*Exercise objective*: In the entries below, begin at the line with "Вори: Two Fish Resort Bunaken" and stop after the line with "Cartier Bangle* 🤩"; output those lines exactly and omit the pictures.

*Provided information*:
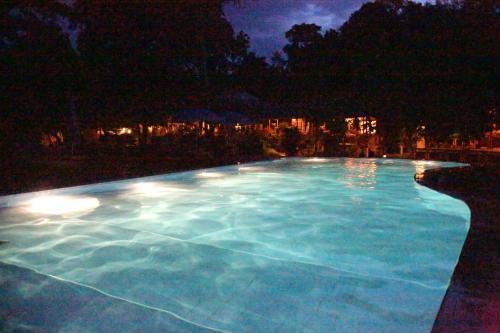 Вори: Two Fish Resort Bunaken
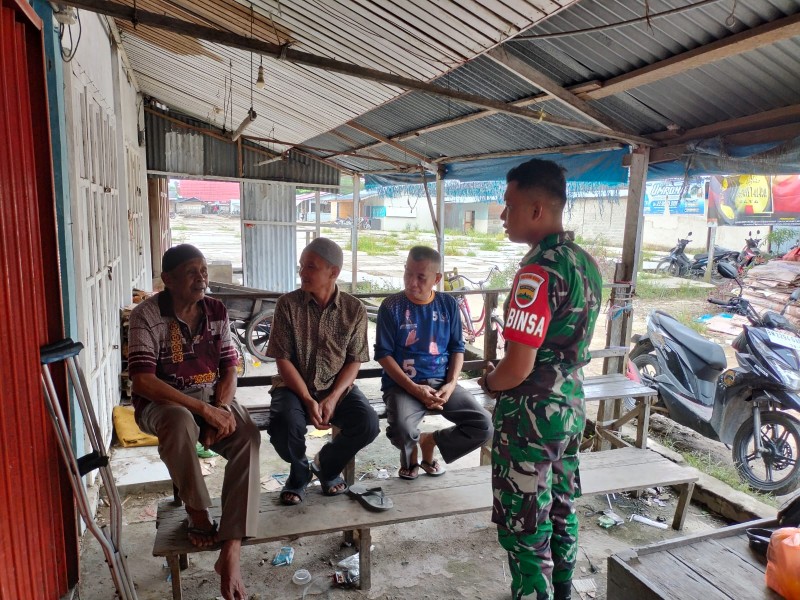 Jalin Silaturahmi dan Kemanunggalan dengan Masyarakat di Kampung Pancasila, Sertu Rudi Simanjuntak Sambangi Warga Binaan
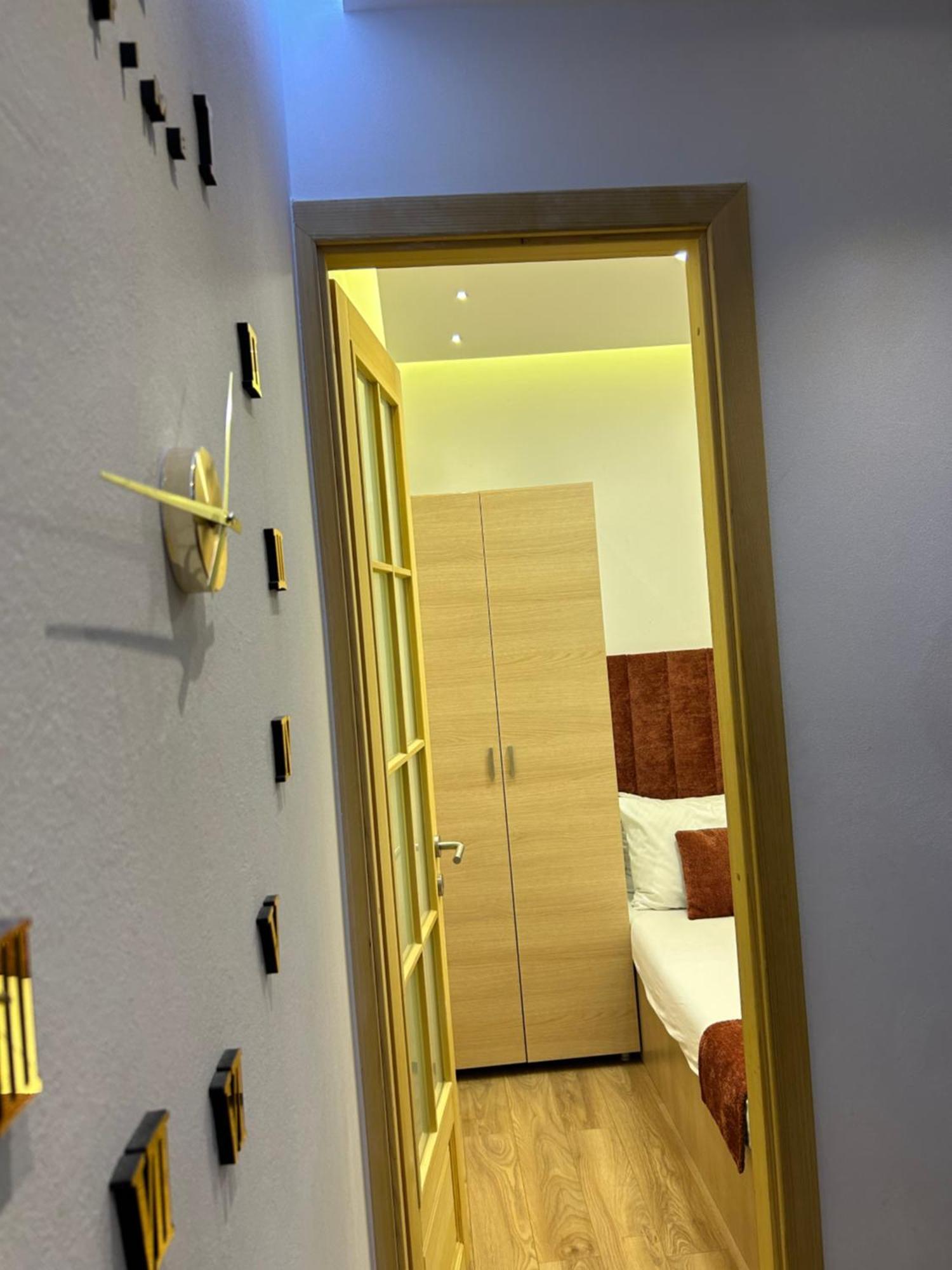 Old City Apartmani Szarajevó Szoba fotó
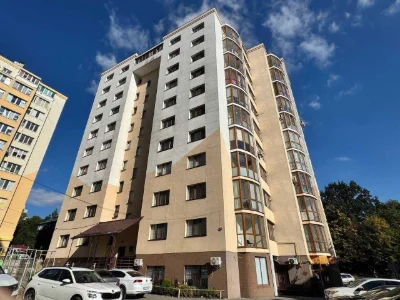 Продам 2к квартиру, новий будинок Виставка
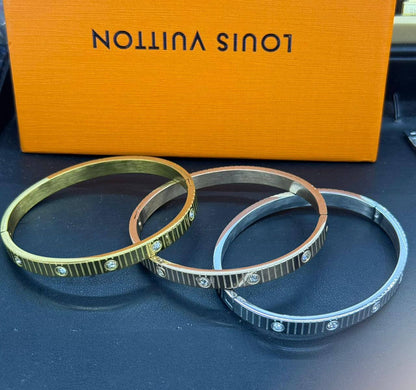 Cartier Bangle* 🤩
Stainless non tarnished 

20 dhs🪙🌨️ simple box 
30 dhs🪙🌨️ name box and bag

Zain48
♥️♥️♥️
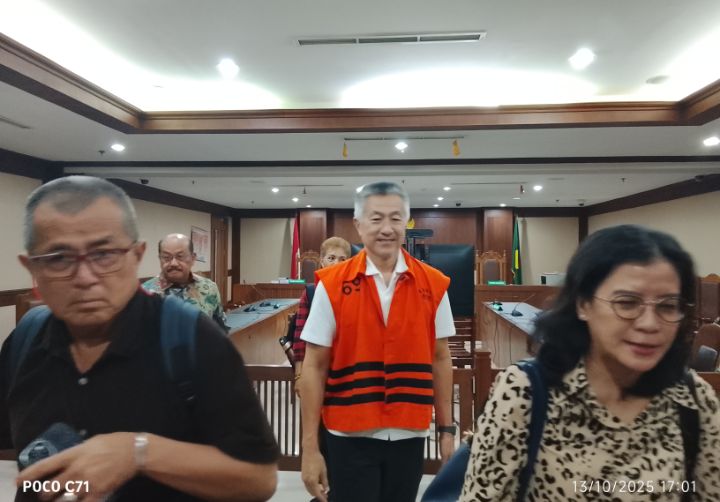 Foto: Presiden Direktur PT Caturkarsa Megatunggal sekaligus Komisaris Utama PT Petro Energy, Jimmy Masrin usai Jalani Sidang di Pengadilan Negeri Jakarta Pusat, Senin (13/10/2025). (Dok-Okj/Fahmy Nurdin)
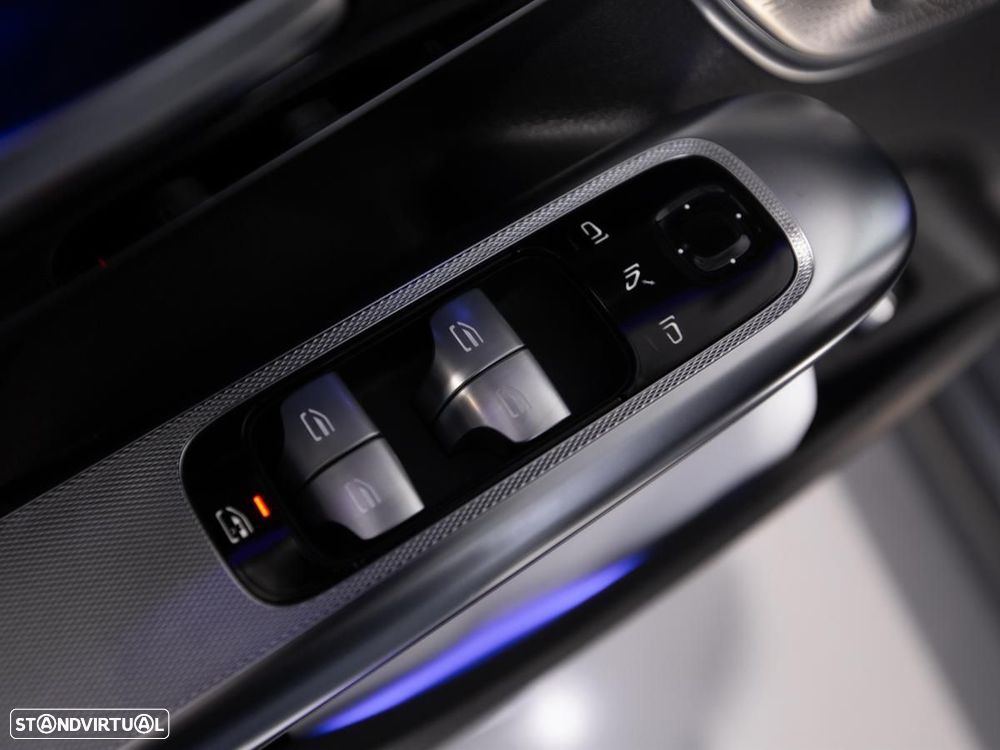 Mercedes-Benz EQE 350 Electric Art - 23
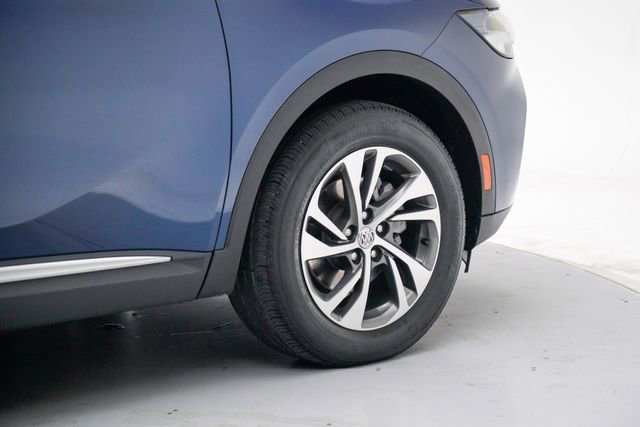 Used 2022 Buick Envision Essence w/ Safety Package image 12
==
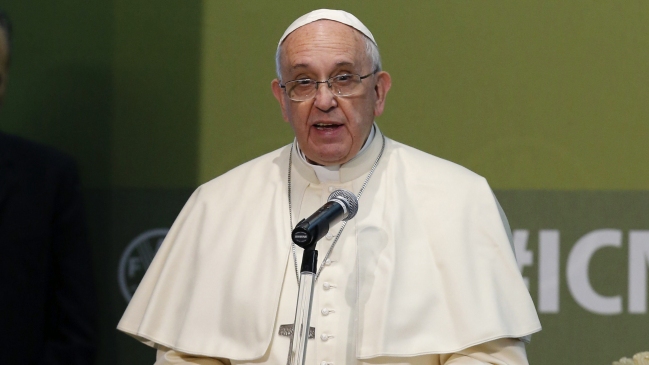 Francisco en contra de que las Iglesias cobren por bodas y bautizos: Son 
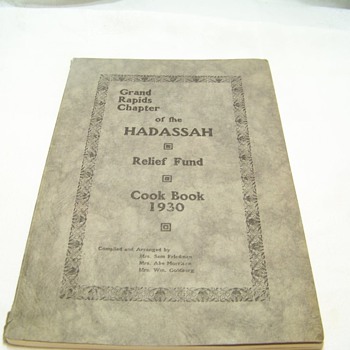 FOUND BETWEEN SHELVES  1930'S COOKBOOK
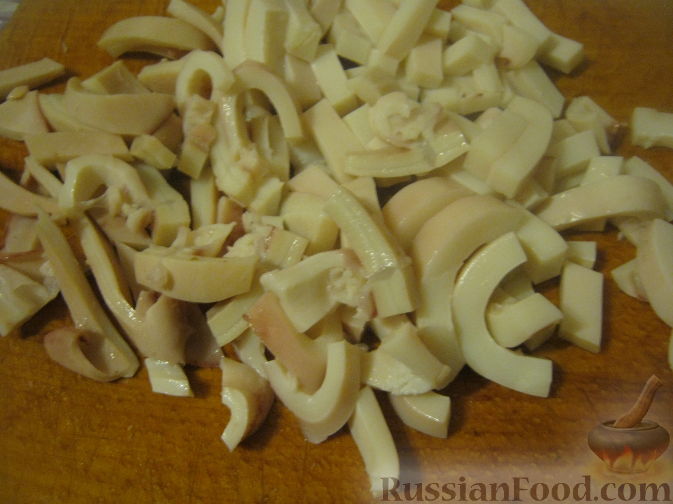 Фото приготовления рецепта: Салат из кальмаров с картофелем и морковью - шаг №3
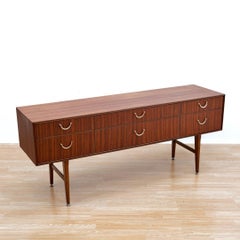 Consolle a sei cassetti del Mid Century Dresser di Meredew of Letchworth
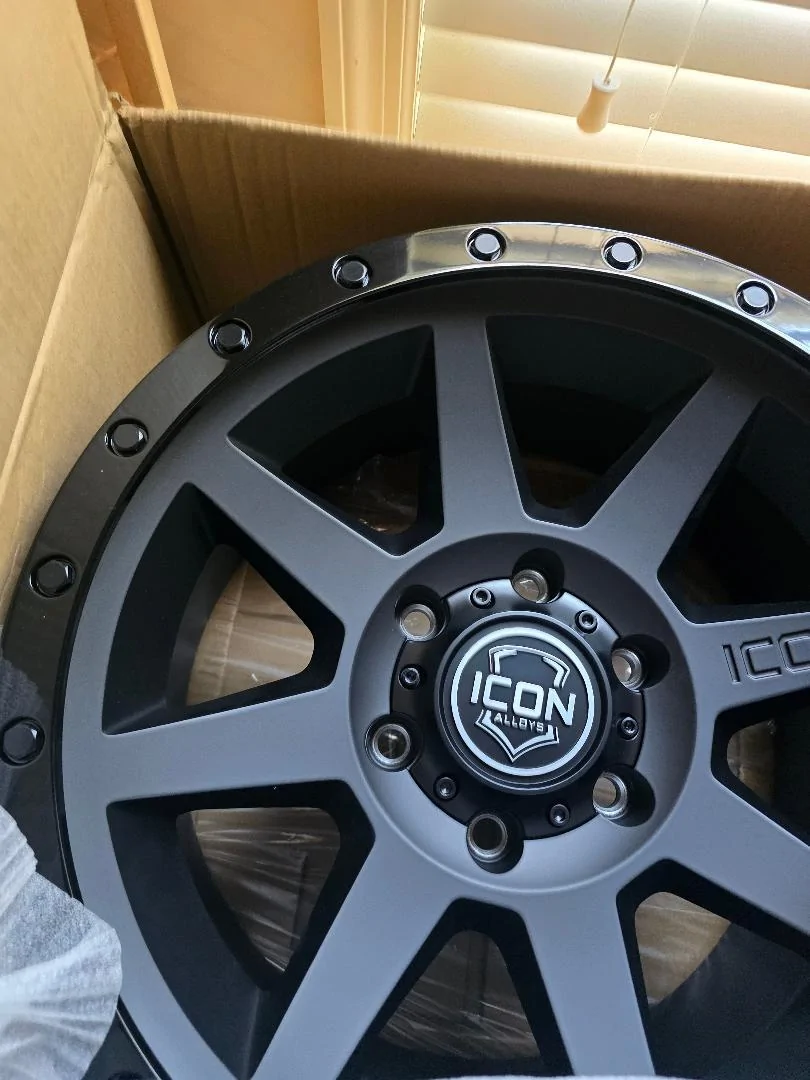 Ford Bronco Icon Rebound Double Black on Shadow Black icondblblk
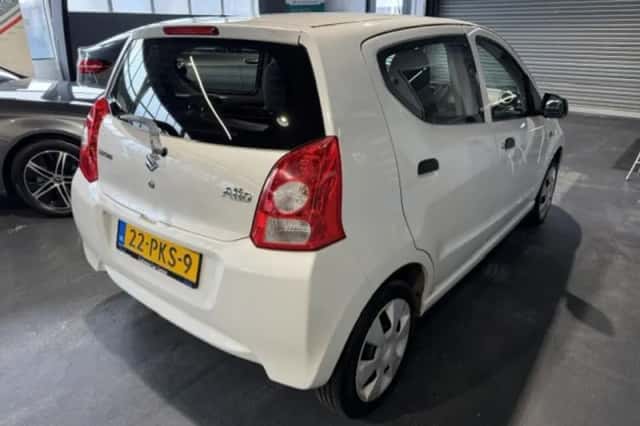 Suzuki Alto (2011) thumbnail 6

*Finished task*:
 Вори: Two Fish Resort Bunaken
 Jalin Silaturahmi dan Kemanunggalan dengan Masyarakat di Kampung Pancasila, Sertu Rudi Simanjuntak Sambangi Warga Binaan
 Old City Apartmani Szarajevó Szoba fotó
 Продам 2к квартиру, новий будинок Виставка
 Cartier Bangle* 🤩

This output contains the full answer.